Message from syslogd@heracles at Nov 7 21:00:02 ...
kernel:[Hardware Error]: MC4_STATUS[Over|CE|MiscV|-|AddrV|-|-|CECC]: 0xdc10410040080a13
Message from syslogd@heracles at Nov 7 21:00:02 ...
kernel:[Hardware Error]: Northbridge Error (node 4): DRAM ECC error detected on the NB.
Message from syslogd@heracles at Nov 7 21:00:02 ...
kernel:[Hardware Error]: cache level: L3/GEN, mem/io: MEM, mem-tx: RD, part-proc: RES (no timeout)
on the NB
The NB is the North Bridge. Old computers used many chips. Eventually these got integrated in about 3 larger generic chips (386/486 time) and later in two. One of those dealt with the CPU, the RAM and other high speed devices. The other ('South bridge') dealt with slow peripherals).
DRAM ECC error detected
Dynamic memory is just main memory (as opposed to cache which is usually made from static memory). ECC is memory which is designed to detect and correct single bit corruption.

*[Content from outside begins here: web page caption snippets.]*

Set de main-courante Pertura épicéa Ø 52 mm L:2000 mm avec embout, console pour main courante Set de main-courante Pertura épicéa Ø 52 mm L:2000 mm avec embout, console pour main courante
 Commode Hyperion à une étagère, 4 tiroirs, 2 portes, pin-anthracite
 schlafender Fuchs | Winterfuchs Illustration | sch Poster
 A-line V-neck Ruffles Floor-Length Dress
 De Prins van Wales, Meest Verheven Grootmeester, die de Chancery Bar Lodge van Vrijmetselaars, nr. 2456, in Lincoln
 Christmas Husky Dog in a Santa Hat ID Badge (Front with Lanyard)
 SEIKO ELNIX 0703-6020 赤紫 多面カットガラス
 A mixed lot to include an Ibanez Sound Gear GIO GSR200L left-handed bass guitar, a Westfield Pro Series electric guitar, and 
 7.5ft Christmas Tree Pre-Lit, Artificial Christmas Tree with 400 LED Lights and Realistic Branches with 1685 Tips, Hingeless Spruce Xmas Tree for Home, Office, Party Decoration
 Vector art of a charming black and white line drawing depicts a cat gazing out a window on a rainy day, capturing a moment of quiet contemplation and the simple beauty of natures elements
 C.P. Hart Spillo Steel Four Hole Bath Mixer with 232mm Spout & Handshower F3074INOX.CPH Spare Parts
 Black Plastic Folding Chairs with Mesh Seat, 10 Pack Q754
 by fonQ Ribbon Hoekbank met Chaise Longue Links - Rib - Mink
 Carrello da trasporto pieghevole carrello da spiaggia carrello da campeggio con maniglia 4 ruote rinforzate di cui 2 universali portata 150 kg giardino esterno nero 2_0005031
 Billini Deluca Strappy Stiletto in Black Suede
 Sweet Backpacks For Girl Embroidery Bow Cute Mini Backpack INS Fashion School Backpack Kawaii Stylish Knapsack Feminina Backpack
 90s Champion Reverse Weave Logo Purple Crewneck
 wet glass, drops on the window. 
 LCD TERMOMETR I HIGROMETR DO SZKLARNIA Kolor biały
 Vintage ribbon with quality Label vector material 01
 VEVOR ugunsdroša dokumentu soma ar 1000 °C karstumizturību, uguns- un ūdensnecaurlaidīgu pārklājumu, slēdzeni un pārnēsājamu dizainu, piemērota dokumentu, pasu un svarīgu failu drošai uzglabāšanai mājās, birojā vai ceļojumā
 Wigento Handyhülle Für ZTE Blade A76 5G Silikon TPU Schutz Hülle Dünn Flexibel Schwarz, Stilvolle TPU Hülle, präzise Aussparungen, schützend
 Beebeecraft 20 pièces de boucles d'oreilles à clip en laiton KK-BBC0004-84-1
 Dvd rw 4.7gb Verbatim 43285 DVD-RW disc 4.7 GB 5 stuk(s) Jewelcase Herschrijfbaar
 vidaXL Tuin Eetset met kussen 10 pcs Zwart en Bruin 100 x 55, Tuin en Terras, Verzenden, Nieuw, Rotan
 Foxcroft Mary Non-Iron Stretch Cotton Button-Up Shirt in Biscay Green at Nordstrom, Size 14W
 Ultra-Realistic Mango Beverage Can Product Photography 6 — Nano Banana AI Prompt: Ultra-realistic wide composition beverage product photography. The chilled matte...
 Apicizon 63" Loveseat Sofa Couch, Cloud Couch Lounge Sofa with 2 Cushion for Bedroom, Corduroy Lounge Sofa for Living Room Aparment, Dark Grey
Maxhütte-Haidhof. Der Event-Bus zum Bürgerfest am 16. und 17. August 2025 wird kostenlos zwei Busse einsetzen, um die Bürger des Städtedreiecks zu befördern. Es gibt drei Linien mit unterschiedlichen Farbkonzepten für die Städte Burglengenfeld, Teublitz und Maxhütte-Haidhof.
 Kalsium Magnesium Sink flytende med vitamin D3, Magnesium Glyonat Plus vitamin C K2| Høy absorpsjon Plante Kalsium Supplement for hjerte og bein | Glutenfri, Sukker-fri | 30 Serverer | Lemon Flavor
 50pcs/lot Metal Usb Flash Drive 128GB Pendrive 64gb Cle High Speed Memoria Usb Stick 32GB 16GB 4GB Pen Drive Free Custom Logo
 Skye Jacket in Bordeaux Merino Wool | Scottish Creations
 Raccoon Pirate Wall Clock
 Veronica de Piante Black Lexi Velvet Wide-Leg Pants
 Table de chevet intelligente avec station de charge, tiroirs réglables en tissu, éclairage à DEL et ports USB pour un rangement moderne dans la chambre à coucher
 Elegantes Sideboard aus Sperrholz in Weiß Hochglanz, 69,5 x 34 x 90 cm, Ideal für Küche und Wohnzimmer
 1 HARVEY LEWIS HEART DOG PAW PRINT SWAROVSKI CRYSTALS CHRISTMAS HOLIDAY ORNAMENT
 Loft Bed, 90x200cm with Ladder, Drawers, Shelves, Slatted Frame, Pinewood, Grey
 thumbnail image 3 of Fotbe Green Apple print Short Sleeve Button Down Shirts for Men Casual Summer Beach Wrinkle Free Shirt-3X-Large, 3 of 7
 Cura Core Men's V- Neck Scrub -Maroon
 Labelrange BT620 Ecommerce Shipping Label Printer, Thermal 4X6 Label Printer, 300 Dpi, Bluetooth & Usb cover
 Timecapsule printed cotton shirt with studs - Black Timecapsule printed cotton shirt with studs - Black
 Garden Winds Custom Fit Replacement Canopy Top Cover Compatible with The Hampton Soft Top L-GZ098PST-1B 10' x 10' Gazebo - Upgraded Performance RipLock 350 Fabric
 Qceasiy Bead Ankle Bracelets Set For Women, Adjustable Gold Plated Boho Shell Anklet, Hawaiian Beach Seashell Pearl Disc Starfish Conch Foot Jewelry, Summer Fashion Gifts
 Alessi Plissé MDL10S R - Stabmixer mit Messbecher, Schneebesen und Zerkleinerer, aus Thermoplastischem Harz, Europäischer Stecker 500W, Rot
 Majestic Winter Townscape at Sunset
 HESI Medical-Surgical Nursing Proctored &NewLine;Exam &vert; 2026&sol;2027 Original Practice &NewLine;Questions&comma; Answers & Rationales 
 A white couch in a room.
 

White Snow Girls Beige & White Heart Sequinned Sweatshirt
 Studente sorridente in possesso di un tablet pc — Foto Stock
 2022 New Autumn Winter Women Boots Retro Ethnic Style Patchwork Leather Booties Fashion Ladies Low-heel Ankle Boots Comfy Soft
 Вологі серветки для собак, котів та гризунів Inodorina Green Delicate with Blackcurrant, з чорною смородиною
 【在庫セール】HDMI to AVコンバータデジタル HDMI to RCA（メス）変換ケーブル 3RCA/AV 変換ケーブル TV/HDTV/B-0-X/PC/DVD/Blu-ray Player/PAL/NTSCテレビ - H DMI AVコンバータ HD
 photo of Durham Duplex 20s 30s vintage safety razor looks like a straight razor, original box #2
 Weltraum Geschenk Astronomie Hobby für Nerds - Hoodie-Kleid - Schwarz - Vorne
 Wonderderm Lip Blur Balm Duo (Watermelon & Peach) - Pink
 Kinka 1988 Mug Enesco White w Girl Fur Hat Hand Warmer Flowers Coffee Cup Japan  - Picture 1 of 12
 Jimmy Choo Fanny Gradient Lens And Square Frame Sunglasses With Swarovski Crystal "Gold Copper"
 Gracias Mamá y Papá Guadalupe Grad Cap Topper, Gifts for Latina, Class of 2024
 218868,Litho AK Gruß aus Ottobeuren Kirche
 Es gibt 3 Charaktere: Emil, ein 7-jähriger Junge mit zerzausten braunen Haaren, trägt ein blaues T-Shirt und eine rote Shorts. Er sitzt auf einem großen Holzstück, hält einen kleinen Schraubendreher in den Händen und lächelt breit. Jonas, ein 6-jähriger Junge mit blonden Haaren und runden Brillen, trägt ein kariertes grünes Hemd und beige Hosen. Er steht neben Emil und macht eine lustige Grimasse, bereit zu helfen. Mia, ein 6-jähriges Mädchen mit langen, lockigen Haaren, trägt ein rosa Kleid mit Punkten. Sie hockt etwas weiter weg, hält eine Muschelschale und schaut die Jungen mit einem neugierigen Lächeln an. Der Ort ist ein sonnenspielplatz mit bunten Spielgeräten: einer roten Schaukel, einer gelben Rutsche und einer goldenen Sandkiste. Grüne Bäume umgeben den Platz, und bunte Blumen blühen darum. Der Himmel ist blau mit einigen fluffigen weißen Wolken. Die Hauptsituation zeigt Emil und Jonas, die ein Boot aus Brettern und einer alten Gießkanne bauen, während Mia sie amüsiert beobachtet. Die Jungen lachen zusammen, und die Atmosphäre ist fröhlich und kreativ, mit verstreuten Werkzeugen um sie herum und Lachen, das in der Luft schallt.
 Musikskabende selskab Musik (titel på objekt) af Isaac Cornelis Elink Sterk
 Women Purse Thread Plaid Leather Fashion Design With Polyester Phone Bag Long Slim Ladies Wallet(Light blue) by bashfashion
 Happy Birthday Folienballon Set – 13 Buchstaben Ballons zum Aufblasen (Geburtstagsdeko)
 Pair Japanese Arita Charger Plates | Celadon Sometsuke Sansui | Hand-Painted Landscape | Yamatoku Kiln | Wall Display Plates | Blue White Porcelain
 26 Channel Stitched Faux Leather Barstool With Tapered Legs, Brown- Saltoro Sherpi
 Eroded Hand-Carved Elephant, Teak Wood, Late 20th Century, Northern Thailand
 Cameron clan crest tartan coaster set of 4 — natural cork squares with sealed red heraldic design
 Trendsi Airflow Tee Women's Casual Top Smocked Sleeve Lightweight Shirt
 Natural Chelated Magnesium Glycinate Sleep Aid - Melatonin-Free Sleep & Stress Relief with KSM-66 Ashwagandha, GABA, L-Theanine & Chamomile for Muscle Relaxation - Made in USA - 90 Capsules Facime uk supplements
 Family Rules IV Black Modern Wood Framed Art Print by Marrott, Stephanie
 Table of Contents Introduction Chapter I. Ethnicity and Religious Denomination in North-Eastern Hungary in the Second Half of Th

The message you get is that the NB tried to read some memory, but detected that it was partially corrupt.
In that case it can either shut down the machine (remember the old fashioned `Parity error: System halted'), or it can correct it, or it can ignore it. In this case it seems to have corrected it and it threw a warning.
A single error on memory is no reason to panic. These things happen. Rarely, but they do happen. And with ECC you get a proper warning rather than unexplained crashes or corrupt data.
In extremely fast environments (e.g. on die accessed cache) they are not even that uncommon. Usually the computer will retry and correct itself. If that fails it will throw a MCE.
If these things keep occurring: Check if the DIMMS are seated properly. Did they collect a lot of dust? Do they pass memtest? Etc etc.